Melbury Park (31/50)
We lunched beneath a Lucombe Oak in Evershot and in the afternoon went into Melbury Park, a deer park famed for its lichens. Its ancient oaks were liberally covered with Frullania tamarisci, and there were smaller quantities of Leptodon smithii, Leucodon sciuroides, Orthotrichum lyellii and Zygodon baumgartneri c.fr. Humphry Bowen refound Pterogonium gracile on oak (including Quercus frainetto) and Acer sp. Many participants went downstream from Lodge Farm, recording Plagiothecium latebricola on Carex stools and Dichodontium pellucidum, Fissidens pusillus and Rhynchostegiella teesdalei in the stream. Ron Porley, going uphill, discovered limestone rocks with Cololejeunea rossettiana (its second Dorset locality), Trichostomum brachydontium and plentiful Pterogonium gracile mixed with Anomodon viticulosus and Porella platyphylla. Plagiochila porelloides, a rare plant in Dorset, grew on a mossy bank nearby.
Friday 25 March
Stokeford Heath (30/88)
First stop was the ARC area office on Higher Hyde Heath. Here we were kitted out in fluorescent yellow vests and conducted to disused quarry workings on Stokeford Heath about 1.5 km away. Members were interested to see Brachythecium mildeanum growing copiously on disturbed basic ground by the road. Restored dry heathland had little bryological interest other than Campylopus brevipilus, but an area of unrestored pools and mounds produced Pogonatum urnigerum, Pohlia annotina, Cladopodiella fluitans (male), Diplophyllum obtusifolium* and Lophozia excisa*, as well as a splendid stand of Lycopodiella inundata.

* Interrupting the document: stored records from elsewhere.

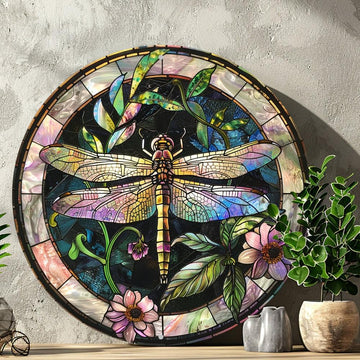 Dragonfly Metal Wall Art Dragonfly Metal for Insect Enthusiasts-MoonChildWorld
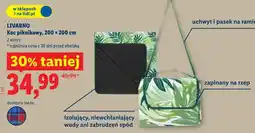 Lidl Koc piknikowy, 200 x 200 cm oferta
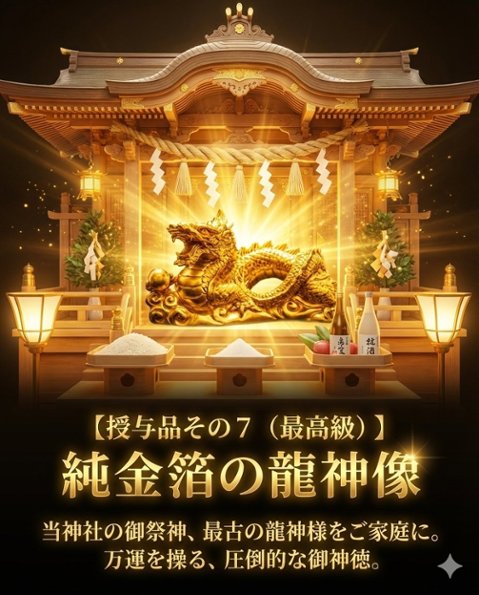 最強金運大祈祷 2026【令和8年】｜創作品モール あるる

Briants Puddle Heath and Oakers Wood (30/89)
For lunch we went to Culpepper’s dish and spent the first part of the afternoon in a bog on Briants Puddle Heath north of Oakers Wood. Here we found Calliergon stramineum, Sphagnum magellanicum, S. pulchrum, Cephalozia connivens, Kurzia pauciflora, Mylia anomala and Riccardia latifrons. Bryum pallescens* was conspicuous on zinc-contaminated concrete at the base of a pylon. Under birches at the edge of Oakers Wood, David Long uncovered Cryptothallus mirabilis. In the main part of Oakers Wood grew Cryphaea heteromalla (on hazel), Dicranum majus, Orthotrichum striatum, and Cephalozia lunulifolia. Walking back by a large wet bog on the east side of the wood, we saw many hectares of Sphagnum pulchrum but otherwise the bog was bryologically poor.
Saturday 26 March
Wool Heath near Clouds Hill (30/89)
We stopped at a tank-viewing car-park between Bovington Camp and Clouds Hill, and went onto Army land where a fine new tank road had been constructed. I told the party that the road had obliterated a colony of Lophocolea bispinosa, recently discovered by Humphry Bowen. We did not see the Lophocolea, but found Archidium alternifolium c.fr., Campylopus brevipilus, Pohlia annotina and Diplophyllum obtusifolium. David Long discovered Fossombronia incurva* and Riccardia incurvata*, two of the best finds of the week, on damp gravelly ground.
Creech Heath (30/98)
We proceeded to Creech Heath, south of Wareham. In old china-clay workings we saw Racomitrium lanuginosum and Scapania compacta; Martha Newton found Campylopus fragilis and Weissia rutilans. Lunching near a Pilularia pool, we saw Campylium chrysophyllum, which was temporarily submerged and caused some speculation in the field. Woodland and shaded sandy banks produced Drepanocladus uncinatus c.fr., Orthotrichum pulchellum, Cephalozia connivens, Lejeunea cavifolia, L. ulicina, Lophozia ventricosa var. ventricosa* and, on steep shaded sand, a particularly fine carpet of Tritomaria exsectiformis. Funaria obtusa was found on wet heath, and Brachythecium glareosum and Seligeria calcarea on some chalky spoil used to make a road.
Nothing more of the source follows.